La rhétorique de la mixité sociale à l’école est omniprésente. Pourtant elle ne se traduit pas dans les actes car la France est le pays où la mixité sociale est la plus faible des pays de l’OCDE. Pour répondre à cet apparent paradoxe Choukri Ben Ayed poursuit dans ce nouvel ouvrage son travail de recherche sur les inégalités. Il montre en analysant les différents discours sur cette « catégorie floue » que, malgré de « bonnes » intentions sans cesse réaffirmées, les écarts socialement ségrégatifs se creusent.

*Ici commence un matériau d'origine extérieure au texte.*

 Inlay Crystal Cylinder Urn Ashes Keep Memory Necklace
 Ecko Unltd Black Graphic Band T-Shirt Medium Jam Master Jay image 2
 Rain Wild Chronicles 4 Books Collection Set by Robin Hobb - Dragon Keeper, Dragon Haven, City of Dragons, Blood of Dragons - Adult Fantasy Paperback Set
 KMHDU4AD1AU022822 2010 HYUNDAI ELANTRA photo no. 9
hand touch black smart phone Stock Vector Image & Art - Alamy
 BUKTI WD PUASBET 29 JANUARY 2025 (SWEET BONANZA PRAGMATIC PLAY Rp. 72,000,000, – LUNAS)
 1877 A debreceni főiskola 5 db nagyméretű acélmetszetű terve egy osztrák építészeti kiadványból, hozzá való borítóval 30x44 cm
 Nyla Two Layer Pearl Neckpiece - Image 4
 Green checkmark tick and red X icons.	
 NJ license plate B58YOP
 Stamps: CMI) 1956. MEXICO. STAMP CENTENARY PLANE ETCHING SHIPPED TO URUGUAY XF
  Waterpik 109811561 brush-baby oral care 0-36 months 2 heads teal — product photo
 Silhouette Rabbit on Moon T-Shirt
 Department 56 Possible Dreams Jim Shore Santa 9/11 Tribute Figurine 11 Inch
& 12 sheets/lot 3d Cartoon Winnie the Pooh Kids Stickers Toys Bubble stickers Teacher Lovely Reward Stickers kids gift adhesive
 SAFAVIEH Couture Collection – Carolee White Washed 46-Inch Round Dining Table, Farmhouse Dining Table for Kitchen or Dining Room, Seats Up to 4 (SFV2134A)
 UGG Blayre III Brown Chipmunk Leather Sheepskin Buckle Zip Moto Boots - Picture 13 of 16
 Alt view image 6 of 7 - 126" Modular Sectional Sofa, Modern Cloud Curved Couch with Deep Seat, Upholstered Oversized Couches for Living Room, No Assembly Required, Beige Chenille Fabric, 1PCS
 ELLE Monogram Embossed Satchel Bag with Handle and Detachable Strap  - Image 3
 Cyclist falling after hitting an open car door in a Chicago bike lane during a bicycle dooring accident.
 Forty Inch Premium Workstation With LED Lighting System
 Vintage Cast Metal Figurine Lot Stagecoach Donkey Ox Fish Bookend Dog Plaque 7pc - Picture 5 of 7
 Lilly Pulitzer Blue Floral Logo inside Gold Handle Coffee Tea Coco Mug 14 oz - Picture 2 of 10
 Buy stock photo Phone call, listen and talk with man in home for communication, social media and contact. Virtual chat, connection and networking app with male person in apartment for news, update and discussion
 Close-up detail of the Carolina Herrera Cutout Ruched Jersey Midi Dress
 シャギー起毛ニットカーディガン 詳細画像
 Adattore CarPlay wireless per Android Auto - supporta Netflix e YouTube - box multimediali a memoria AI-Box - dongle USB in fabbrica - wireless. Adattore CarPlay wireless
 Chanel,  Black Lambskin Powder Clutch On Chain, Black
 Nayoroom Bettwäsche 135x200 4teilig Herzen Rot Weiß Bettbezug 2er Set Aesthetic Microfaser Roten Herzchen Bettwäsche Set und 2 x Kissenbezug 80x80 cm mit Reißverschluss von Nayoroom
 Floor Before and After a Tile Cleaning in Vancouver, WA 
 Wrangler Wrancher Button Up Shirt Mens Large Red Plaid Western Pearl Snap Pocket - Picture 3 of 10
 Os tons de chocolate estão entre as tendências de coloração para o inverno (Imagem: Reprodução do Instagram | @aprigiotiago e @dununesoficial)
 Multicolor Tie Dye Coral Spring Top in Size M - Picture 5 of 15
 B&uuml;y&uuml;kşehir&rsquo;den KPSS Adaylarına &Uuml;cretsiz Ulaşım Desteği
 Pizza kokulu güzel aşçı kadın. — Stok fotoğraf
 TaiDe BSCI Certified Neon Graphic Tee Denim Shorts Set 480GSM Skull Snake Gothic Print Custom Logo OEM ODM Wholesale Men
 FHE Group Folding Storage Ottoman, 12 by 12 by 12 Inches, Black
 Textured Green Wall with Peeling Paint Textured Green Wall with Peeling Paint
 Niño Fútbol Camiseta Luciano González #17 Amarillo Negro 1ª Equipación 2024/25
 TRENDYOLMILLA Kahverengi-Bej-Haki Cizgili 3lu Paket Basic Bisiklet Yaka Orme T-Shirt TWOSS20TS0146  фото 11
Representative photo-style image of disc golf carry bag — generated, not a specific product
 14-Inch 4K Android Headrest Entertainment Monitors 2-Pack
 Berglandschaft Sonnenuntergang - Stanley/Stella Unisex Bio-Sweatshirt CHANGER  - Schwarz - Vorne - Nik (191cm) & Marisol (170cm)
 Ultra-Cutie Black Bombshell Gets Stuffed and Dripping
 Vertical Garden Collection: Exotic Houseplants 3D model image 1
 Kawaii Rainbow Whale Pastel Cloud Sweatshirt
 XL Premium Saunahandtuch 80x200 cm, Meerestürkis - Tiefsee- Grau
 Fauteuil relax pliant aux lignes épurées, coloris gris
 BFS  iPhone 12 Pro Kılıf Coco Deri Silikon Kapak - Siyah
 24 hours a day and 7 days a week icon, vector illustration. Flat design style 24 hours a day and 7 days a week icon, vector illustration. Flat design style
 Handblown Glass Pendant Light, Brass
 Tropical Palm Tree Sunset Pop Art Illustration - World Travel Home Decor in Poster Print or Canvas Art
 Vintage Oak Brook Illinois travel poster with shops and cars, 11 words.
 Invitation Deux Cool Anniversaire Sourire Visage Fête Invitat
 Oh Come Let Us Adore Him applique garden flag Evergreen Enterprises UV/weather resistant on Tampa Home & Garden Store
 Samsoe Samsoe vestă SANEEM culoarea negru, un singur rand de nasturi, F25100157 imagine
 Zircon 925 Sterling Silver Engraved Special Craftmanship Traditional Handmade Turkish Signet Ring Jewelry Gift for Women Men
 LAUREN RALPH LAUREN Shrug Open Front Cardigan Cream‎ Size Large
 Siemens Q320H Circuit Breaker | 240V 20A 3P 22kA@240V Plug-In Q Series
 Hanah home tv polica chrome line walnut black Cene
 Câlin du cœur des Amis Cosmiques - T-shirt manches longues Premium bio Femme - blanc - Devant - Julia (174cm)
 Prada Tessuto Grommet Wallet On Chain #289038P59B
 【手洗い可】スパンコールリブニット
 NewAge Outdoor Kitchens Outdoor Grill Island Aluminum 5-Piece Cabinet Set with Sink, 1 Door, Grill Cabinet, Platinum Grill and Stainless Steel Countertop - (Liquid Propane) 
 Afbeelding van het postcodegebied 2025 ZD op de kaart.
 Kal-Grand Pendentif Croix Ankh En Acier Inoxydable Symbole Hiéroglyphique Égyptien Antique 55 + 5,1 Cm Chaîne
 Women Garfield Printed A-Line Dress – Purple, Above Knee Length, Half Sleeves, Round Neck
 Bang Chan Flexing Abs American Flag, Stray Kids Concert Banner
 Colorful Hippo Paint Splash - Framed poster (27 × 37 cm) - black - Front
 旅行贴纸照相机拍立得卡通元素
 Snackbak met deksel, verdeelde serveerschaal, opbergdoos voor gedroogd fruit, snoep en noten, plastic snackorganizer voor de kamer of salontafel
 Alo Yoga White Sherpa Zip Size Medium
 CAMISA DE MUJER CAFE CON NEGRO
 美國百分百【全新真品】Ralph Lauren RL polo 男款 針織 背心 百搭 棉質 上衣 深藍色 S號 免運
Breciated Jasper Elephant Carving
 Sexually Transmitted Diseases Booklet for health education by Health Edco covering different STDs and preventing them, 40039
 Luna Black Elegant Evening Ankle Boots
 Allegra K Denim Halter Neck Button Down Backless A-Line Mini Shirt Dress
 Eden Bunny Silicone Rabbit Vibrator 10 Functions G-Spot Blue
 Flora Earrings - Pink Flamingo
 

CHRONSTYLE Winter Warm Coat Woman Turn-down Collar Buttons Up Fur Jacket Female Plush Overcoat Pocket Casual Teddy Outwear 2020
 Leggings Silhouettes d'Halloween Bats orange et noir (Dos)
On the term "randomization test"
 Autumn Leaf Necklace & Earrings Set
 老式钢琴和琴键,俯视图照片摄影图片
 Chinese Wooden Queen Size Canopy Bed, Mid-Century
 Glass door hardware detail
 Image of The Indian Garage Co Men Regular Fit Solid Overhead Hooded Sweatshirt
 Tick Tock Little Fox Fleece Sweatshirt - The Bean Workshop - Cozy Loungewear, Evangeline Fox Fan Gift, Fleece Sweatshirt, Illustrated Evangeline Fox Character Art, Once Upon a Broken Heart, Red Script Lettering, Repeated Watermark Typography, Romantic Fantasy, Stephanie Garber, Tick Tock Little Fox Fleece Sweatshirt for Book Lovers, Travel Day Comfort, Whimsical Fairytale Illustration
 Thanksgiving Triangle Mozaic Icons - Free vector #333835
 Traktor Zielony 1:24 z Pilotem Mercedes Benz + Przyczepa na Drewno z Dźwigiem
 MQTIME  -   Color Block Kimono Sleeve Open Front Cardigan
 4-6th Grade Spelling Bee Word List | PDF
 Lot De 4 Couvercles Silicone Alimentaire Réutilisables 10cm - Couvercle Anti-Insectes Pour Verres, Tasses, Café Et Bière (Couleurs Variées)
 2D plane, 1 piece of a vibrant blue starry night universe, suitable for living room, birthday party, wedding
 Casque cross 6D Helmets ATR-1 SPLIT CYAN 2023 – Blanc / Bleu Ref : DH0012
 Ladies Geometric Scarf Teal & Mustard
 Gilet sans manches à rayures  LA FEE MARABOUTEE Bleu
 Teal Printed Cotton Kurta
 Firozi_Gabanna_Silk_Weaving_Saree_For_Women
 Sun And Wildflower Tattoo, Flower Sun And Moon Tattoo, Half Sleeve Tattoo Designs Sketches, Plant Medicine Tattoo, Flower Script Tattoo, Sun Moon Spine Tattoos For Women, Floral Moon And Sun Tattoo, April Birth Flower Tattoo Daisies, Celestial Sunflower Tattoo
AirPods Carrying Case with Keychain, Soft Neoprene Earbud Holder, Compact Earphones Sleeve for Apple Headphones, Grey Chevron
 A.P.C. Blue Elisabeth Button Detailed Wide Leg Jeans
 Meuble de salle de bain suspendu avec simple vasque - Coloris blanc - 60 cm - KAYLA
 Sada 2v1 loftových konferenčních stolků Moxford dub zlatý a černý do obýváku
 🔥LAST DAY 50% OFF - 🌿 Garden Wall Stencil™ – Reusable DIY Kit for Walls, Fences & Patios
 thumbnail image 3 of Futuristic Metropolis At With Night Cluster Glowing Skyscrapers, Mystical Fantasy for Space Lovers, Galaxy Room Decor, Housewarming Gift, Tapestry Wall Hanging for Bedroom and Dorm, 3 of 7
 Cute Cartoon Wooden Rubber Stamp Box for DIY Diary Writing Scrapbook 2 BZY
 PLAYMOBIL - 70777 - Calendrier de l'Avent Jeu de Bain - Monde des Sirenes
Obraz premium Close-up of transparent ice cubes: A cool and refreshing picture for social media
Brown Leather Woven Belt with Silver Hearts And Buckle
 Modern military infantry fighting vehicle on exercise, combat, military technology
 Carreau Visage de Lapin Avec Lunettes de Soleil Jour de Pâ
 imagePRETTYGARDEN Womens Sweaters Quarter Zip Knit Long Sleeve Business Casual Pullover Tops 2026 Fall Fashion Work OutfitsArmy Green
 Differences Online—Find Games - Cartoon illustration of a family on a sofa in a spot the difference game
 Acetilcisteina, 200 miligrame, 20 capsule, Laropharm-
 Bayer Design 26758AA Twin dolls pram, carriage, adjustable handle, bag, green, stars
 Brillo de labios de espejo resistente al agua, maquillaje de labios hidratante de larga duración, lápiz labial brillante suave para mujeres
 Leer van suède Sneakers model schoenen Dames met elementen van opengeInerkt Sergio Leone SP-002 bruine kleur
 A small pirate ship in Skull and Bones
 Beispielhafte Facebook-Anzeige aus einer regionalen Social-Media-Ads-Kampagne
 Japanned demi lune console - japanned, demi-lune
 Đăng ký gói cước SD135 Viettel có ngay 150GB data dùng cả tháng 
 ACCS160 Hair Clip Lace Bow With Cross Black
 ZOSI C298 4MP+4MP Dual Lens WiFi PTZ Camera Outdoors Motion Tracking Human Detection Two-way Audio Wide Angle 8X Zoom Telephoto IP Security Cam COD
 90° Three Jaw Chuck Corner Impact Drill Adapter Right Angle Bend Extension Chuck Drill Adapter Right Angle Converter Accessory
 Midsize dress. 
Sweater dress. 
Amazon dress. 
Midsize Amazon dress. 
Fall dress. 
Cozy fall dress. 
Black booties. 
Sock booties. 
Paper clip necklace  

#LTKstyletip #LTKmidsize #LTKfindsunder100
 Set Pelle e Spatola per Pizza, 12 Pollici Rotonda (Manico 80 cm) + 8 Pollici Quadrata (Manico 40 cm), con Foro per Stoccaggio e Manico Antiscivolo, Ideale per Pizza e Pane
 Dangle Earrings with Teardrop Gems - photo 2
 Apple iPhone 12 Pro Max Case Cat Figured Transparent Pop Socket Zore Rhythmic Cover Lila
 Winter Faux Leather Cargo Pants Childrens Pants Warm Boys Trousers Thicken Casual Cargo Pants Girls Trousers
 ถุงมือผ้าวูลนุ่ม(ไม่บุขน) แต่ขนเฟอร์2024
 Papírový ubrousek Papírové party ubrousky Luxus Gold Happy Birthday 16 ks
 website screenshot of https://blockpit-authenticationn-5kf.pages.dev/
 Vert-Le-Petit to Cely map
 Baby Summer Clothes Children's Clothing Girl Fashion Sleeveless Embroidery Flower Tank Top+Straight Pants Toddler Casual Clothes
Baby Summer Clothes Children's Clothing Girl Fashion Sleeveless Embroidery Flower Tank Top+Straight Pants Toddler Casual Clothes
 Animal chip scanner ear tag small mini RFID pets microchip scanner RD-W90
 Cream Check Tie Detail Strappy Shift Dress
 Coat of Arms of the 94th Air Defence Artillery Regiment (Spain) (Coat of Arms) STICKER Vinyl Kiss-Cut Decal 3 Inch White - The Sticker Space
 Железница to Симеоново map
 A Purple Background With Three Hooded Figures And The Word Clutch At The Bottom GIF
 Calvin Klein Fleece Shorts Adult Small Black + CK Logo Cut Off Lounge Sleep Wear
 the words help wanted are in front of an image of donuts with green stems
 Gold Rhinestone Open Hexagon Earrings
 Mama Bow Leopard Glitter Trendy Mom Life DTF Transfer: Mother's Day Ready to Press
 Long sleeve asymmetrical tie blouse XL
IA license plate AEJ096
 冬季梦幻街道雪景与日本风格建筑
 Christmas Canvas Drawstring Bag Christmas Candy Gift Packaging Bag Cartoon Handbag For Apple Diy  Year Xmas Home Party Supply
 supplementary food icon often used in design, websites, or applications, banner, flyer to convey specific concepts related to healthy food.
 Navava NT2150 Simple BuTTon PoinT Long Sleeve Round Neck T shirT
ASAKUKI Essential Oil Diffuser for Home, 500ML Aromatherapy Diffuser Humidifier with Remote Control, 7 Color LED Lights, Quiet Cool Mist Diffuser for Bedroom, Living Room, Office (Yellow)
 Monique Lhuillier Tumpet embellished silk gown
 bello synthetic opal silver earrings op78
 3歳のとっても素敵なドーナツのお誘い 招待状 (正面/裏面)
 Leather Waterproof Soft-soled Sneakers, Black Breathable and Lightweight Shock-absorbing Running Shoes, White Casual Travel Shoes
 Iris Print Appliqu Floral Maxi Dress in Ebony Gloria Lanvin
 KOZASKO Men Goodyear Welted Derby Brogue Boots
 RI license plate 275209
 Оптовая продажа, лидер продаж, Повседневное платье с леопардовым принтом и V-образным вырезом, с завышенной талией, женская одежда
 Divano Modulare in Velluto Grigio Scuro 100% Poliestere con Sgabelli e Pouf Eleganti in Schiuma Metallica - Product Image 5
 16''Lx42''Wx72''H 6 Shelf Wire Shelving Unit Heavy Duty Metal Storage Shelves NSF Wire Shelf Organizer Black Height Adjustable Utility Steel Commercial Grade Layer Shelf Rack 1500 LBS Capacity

Ainsi la politique d’assouplissement de la carte scolaire de 2007 a eu pour effet de généraliser les procédures de dérogation scolaire et de « légitimer une certaine forme de contrôle des migrations et des affectations des élèves dans les établissements les plus demandés ».
Dans un rappel historique il met en lumière que depuis sa création jusqu’à la dernière loi de refondation de juillet 2013, les choix politiques se fondent sur une conception inégalitaire de l’école, qui repose sur des principes méritocratiques qui perdurent (en particulier ceux de N.Sarkozy). Politique qui a conduit à l’accroissement des ségrégations scolaires et jusqu’à une remise en cause de la sectorisation, dont on mesure les effets : autonomie des établissements, mis en concurrence, place du privé, recul d’une politique nationale qui renvoie les responsabilités aux administratifs locaux. L’auteur développe comment la généralisation du système informatique Affelnet, permet aux élèves et aux parents les plus avertis de faire leur marché dans la recherche de l’établissement le mieux côté dans la grille concurrentielle de l’offre, rajoutant de la ségrégation là où elle est de plus en plus criante.
L’intérêt de l’ouvrage ne repose pas seulement sur une analyse fine des politiques menées car il apporte des outils conceptuels pour définir la notion de mixité sociale, des outils de mesure pour comprendre les écarts entre discours et réalité. Il fait également des propositions pour sortir d’une situation où se conjuguent hiérarchisation et méritocratie : redonner place à l’état tout en pensant les articulations entre national et local, limitation de la concurrence entre établissements, traitement de la question de l’école privée…
Convaincu qu’il n’y a pas de fatalité, y compris en matière de mixité sociale à l’école, l’auteur relate en fin d’ouvrage l’action du Conseil général du Val de Marne qui a fait de l’éducation une priorité sur la base du « tous capables » inscrit dans le projet éducatif départemental, montrant ainsi qu’il y a du possible.